On Wed, Oct 10, 2018 at 03:48:34PM -0400, Jason Merrill wrote:
> On Wed, Oct 10, 2018 at 11:58 AM Marek Polacek <pola...@redhat.com> wrote:
> >
> > In this testcase, the call to f() can never be a constant expression, but
> > that's not a problem because it is never reached.  We handle a similar 
> > scenario
> > for IF_STMT, so we can just do the same.  The RANGE_FOR_STMT case seems to
> > never be reached in the whole testsuite, so I didn't change that.
> 
> That seems like a hole in the testsuite.  How about this?
> 
> constexpr int
> fn3()
> {
>   struct empty_range {
>     constexpr int* begin() { return 0; }
>     constexpr int* end() { return 0; }
>   } e;
>   for (auto x : e)
>     f();
>   return 0;
> }
> 
> The patch is OK; you can address fn3 in a follow-up patch.

Thanks.  fn3() still only triggers case FOR_STMT, because RANGE_FOR_STMT are
only created in templates, and are converted to FOR_STMTs in tsubst_expr.

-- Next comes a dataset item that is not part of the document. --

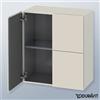 Duravit L-Cube pensile, 2 ante, LC117709191, L-Cube [Mobili da Bagno > Mobili Complementari]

But I've now found a testcase that triggers the RANGE_FOR_STMT case:

int f() { return 1; }

template<typename>
constexpr void
fn4 ()
{
  struct empty_range {
    constexpr int* begin() { return 0; }
    constexpr int* end() { return 0; }
  } e;
  constexpr int j = ({ for (auto x : e) f(); 1; });
}

void
fn5 ()
{
  fn4<int>();
}

However, we fail to compile both fn3 and fn4, because we're unable to evaluate
__for_begin != __for_end.  I'm going to try to figure out why.